CorrGAN: A GAN for sampling correlation matrices (Part II)

In this blog, we do a tiny step toward the ultimate goal of sampling realistic financial correlation matrices thanks to a GAN.

For this experiment, we still restrain ourselves to 3x3 correlation matrices (as we can easily visualize them in a 3D space), but instead of learning to sample from the full 3D elliptope like in (Part I), we try to learn to sample from the 3x3 subspace of realistic financial correlation matrices.

By subspace of “realistic financial correlation matrices”, we mean the space loosely defined by millions of 3x3 empirical correlation matrices estimated on returns of the S&P500 constituents.

TL;DR It seems that the GAN do a decent job at sampling correlation matrices that could have been estimated from real returns of S&P500 constituents.

Next steps:

Since in N-dimensions we cannot visualize easily anymore, we can try to compare the two orbifolds (original one vs. learned by GAN one) using Topological Data Analysis metrics (as in https://arxiv.org/pdf/1802.02664.pdf): Hopefully, the numbers closely match meaning the GAN might cover rather the whole subspace;
We can monitor a few summary statistics about the GAN-generated correlation matrices, and check whether they verify the “stylized facts” (1. Large first eigenvalue, 2. Perron-Frobenius property, 3. Eigenvalues follow the Marchenko–Pastur distribution 4. Distribution of pairwise correlations is signicantly shifted to the positive, 5. Scale-free property of the corresponding MST, 6. Hierarchical structure of clusters) known in the finance literature: This will tell if they are realistic, but not that the GAN cover the whole subspace;
Modify the neural networks so that they verify the exchangeability property, i.e. f(x1, x2, …, xn) = f(p(x1), p(x2), …, p(xn)), where p is a permutation of the n variables.
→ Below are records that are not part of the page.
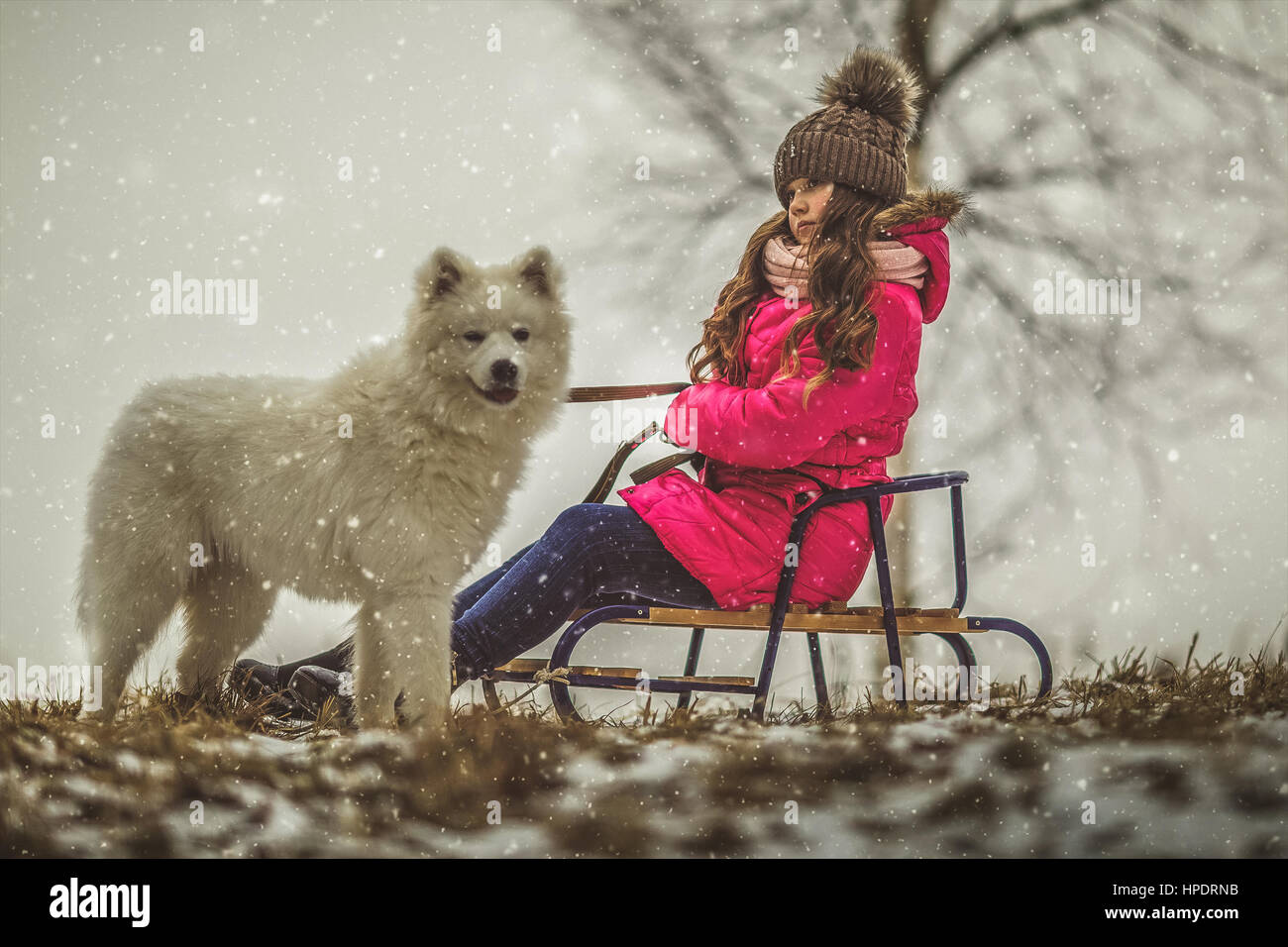 Happy girl with dog in winter forest Stock Photo - Alamy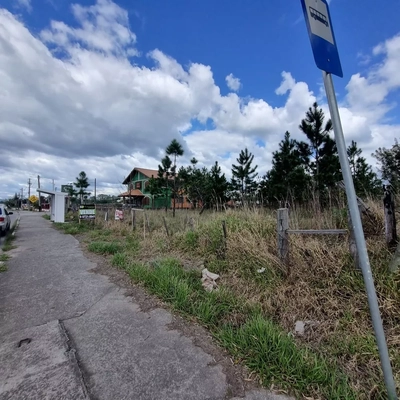 Terreno, 3100 m² - Foto 5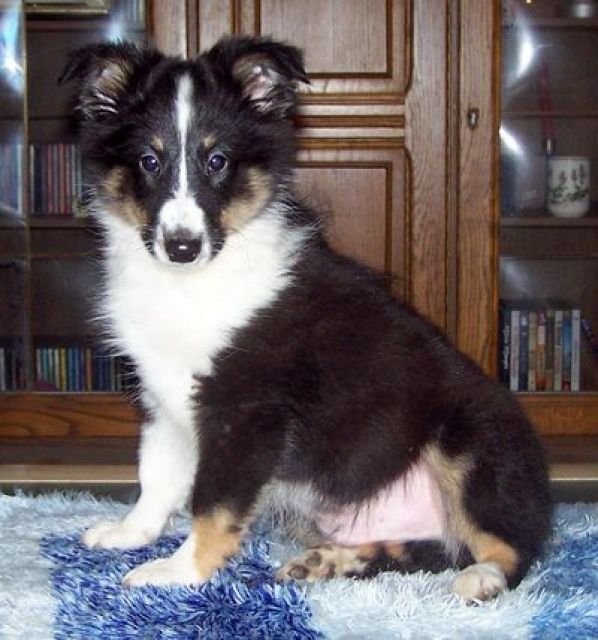 Sheltiewelpen - Rassehunde Sheltie - Zielitz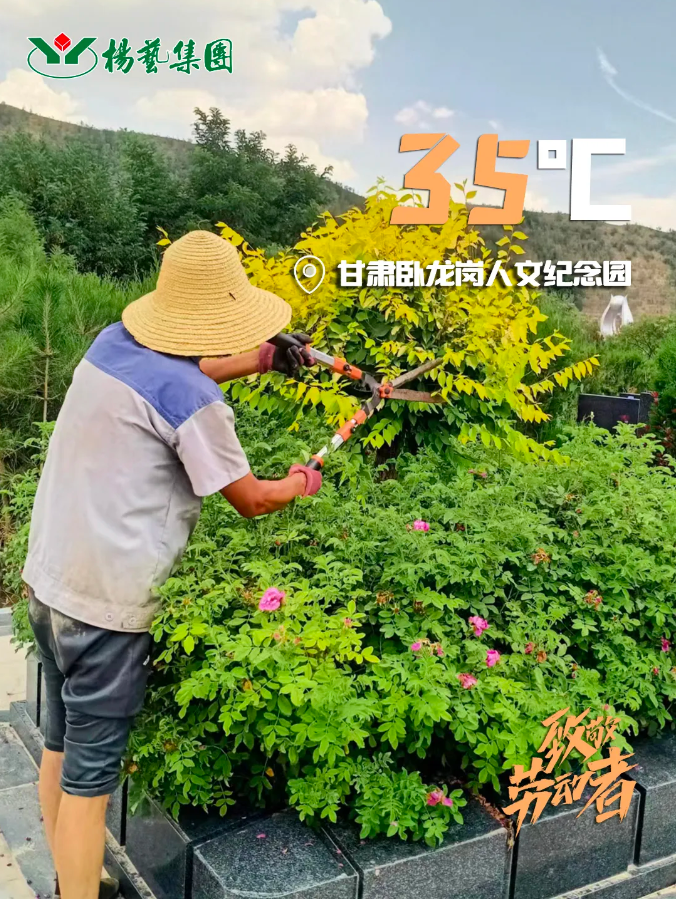 美高梅集团4688am(唯一)有限公司官网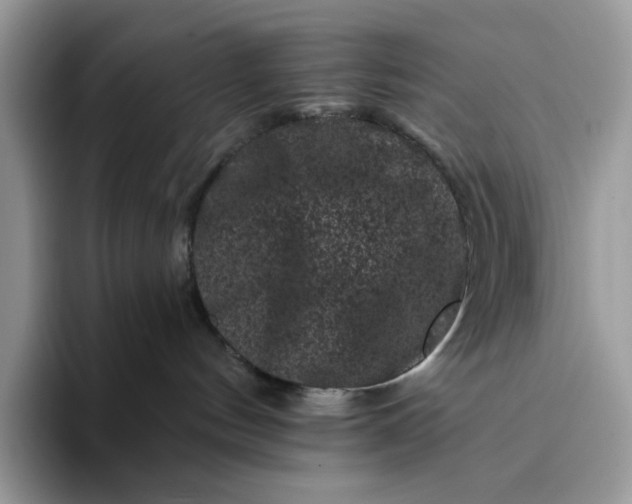 X0000094190144200711091208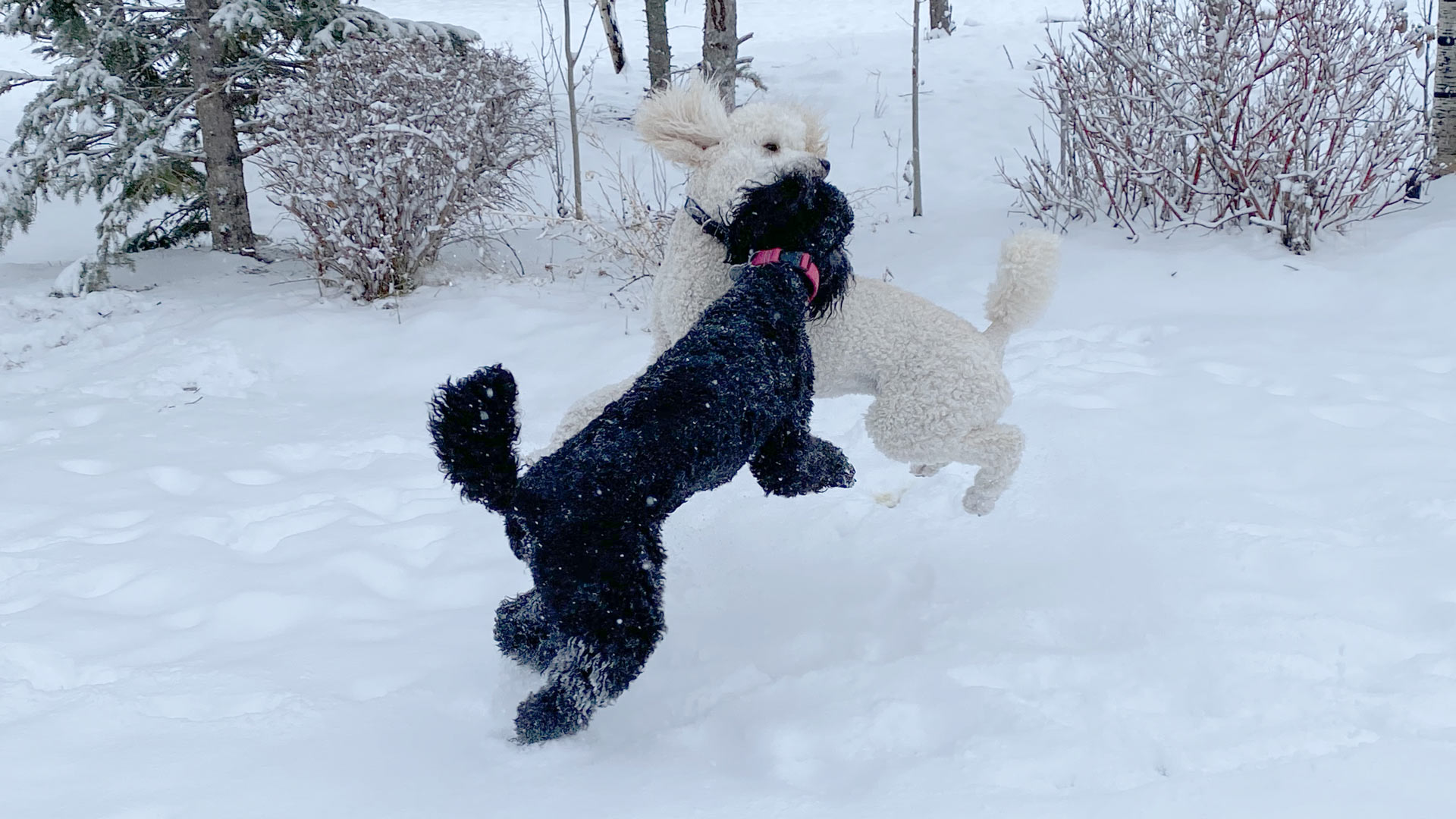 Dog in the snow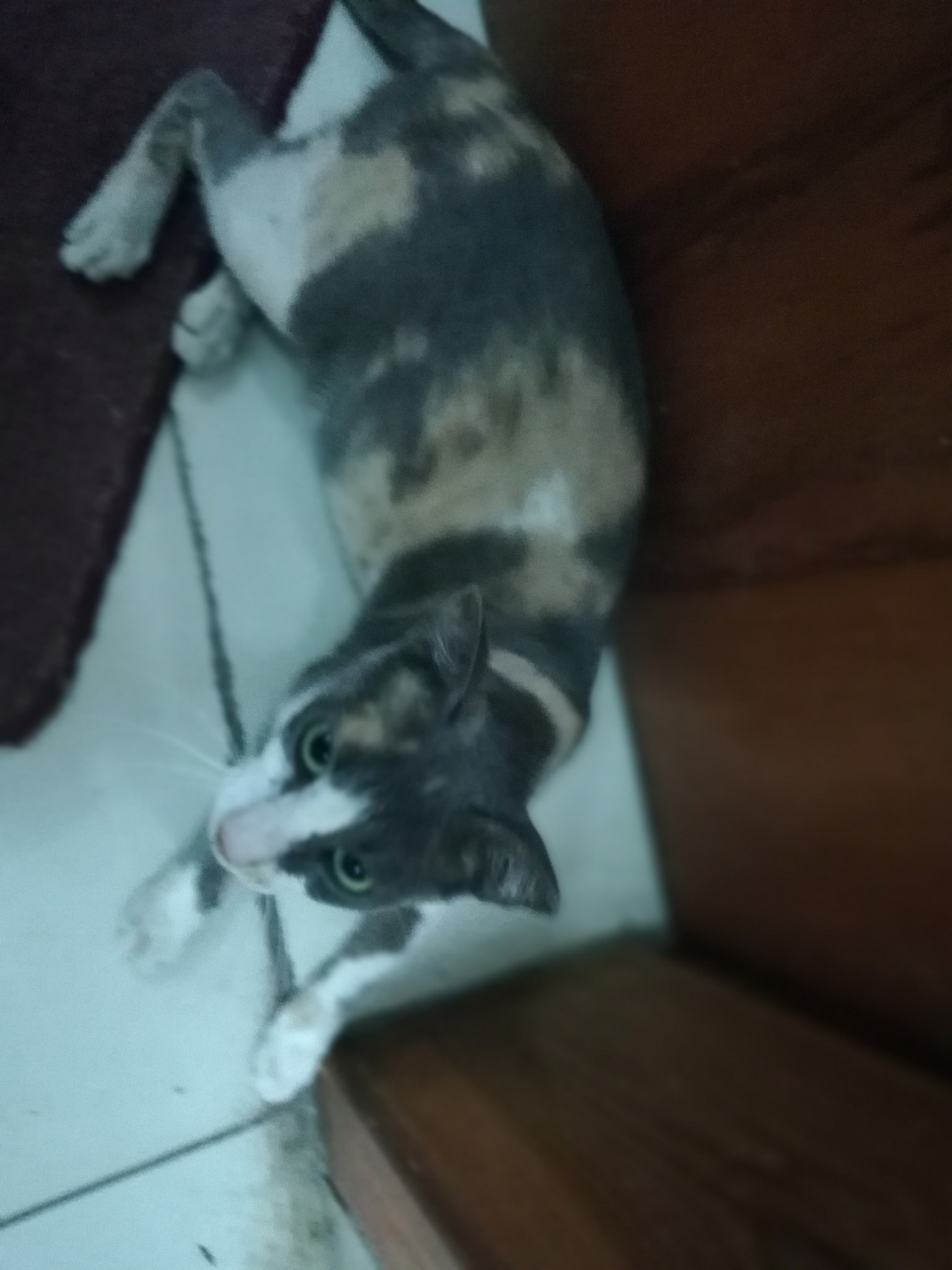 HUAWEI Mate 10 Lite sample photo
Indeed, the order of the rows (and columns) of the correlation matrix is totally arbitrary (corr(A, B, C) should be equivalent to corr(B, C, A)). So, n! equivalent correlation matrices. For the 3x3, it’s not blocking as we can naively sample many equivalent matrices, but exchangeability is not an option for higher dimensions (https://arxiv.org/pdf/1703.06114.pdf).

import pandas as pd
import numpy as np
from numpy.random import beta
from numpy.random import randn
from scipy.linalg import sqrtm
from numpy.random import seed
from random import randint

seed(42)


def sample_unif_correlmat(dimension):
    d = dimension + 1

    prev_corr = np.matrix(np.ones(1))
    for k in range(2, d):
        # sample y = r^2 from a beta distribution with alpha_1 = (k-1)/2 and alpha_2 = (d-k)/2
        y = beta((k - 1) / 2, (d - k) / 2)
        r = np.sqrt(y)

        # sample a unit vector theta uniformly from the unit ball surface B^(k-1)
        v = randn(k-1)
        theta = v / np.linalg.norm(v)

        # set w = r theta
        w = np.dot(r, theta)

        # set q = prev_corr**(1/2) w
        q = np.dot(sqrtm(prev_corr), w)

        next_corr = np.zeros((k, k))
        next_corr[:(k-1), :(k-1)] = prev_corr
        next_corr[k-1, k-1] = 1
        next_corr[k-1, :(k-1)] = q
        next_corr[:(k-1), k-1] = q

        prev_corr = next_corr
        
    return next_corr

sample_unif_correlmat(3)

array([[ 1.        ,  0.36739638,  0.1083456 ],
       [ 0.36739638,  1.        , -0.05167306],
       [ 0.1083456 , -0.05167306,  1.        ]])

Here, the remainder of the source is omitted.